Thursday 13 May 2021

The Flying Tigers Tour of Changting


This tour started off as something quite different to what it became: a domesticated cat that turned into a tiger. The group I was visiting the town with were to be shown the historical town centre of Changting but as it was raining and the organizers simply said, if you want to see it,  walk to your left seven minutes and look around for yourselves. This did indeed bring us to a brightly lit building that sat over the remains of the town wall.


Few seemed keen on braving persistent rain so my group was just three European guys. We had the idea of looking round the old town and seeing if there was an Irish Bar or something similar. We traipsed up and down sodden historical alleys and stumbled across a distinctly 21st Century toilet. Outside it has a screen that shows how many cubicles are inside and which are currently in use. In spite of this, there was still no toilet paper.


More or less giving up hope of finding that mythical Guinness we dropped into an insipid cafe then hit the street again. This sign caught my attention. I had known there was an American airbase in Changting and had even asked about it previously but our guide answered vaguely and changed the subject. Now we had stumbled across some traces of this history. 


Next to the banner were some pictures of the steely Claire Lee Chennault. A retired Texan airman, he was in China in 1937 doing a three-month air surveying contract then was propelled into the rank of colonel, aviation instructor and procurer for Chiang Kai-Shek's air force. His is a swashbuckling war story. Working basically as a paid mercenary for the Chinese, he formed a volunteer air corp known as The Flying Tigers which recruited in the US and fought very effectively in China. They were later incorporated into the regular American air force which he re-entered as a Major. He emerged as a war hero, finished an honorary Lieutenant General and is buried in Arlington. In all the accounts, however, he comes over not as military brass but instead as "one of the boys." He is even meant to have opened a brothel in Guilin for his men with the justification "his men needed sex and it was better to have his "boys" visit a brothel that was regularly inspected to reduce venereal diseases."


As we were lighting up the pictures with our phones and studying them a man stepped around the corner and ushered us inside.
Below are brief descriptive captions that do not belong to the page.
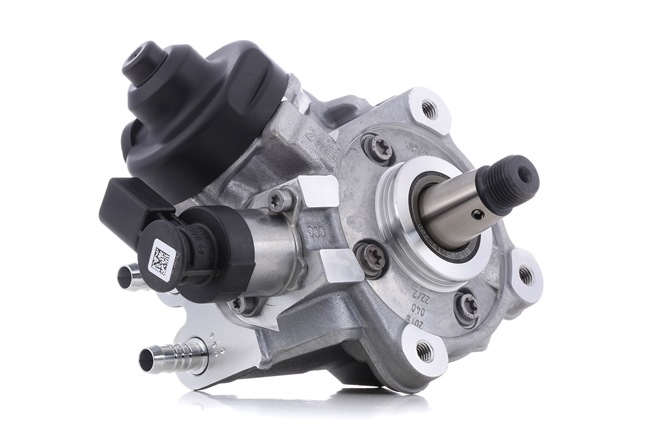 OEM 03L130755A BOSCH Bomba inyectora 0 986 437 410 para VOLKSWAGEN, SEAT, AUDI, SKODA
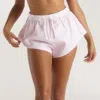Lounge Pink In Pink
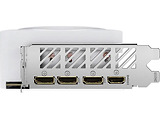 GIGABYTE GeForce RTX 4070 Ti Super 16GB GDDR6X Aero OC 256Bit / GV-N407TSAERO OC-16GD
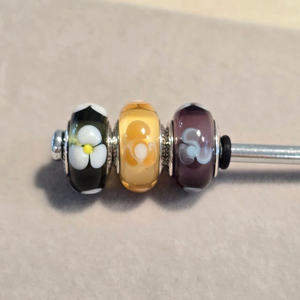 판도라 단종 꽃뮤 일괄 이미지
We walked through a restaurant and into the 'museum' which was closed. He turned the lights on and showed us around. This was not really a guided tour, it worked more on the level of, here are some things, take a look.


One interesting thing that the pictures made much of was Claire's second wife Anna Chennault and the couple's two Chinese American children. There is an interesting history here: after the war the family returned to Chennault's home in Louisiana, where there was still a law forbidding marriages between whites and non-whites, and to a town where there were no non-whites. His status as a war hero apparently silenced any objections to his Chinese wife and mixed-race family. Little of the detail of these stories was conveyed in the exhibition itself, what came over more was a sense of gratitude for help in time of war and pride in connection to the outside world. The other feeling I got was that the exhibition did not need to happen and nobody in authority was going to make it happen. This was one person's passion project. 


This history is one that is not celebrated today, indeed it is more or less written out of the official script as history is viewed as a resource to draw lessons from, and there are no useful lessons to be gained here. This suppression of the history was very clear in the official tours of the town. We were told about the bombing of the town by the Japanese but it was never mentioned why it might have been bombed: it had an American airstrip. Later I even asked our guide, "where was the American airbase?" She said it was very far, a town four or five hours drive away. When I showed her these pictures from the museum she corrected herself and said it was just outside Changting. This conspicuous silence is due to the deteriorating political relationship with the US and it is manifested at the micro level up and down the country. This Flying Tigers collection was, therefore, surprising to find as it was clearly out of step with current policy. That might explain why the place felt it necessary to include some red references so nobody was in any doubt about their patriotism.


We had not forgotten our original purpose of finding an Irish Bar and by now it was woefully clear that was out of the question. Since the guy from the restaurant had been kind enough to show us around the collection, we ordered beers and settled into our Tsingtao. The place was dry, it had a warm wooden feel to it and they brought out a plate of complimentary peanuts. I was definitely warming to it then down the stairs came a Chinese colleague of ours, also on the trip. His group had found this place too and they were upstairs eating and drinking. He giggled and brought down a brown 1.5 liter bottle. He invited us to try "Red Army Coca-Cola." It was sweet, dark rice wine. It was quite easy to drink but between the bottle looking like an oversized hand-grenade and its earthy taste, I was sure it was perfect hangover juice. So, while we didn't find Michael's Blarney Stone, we did enjoy a stroke of luck and got both a nice place to drink and an unexpected tour of the Flying Tigers Museum of Changting.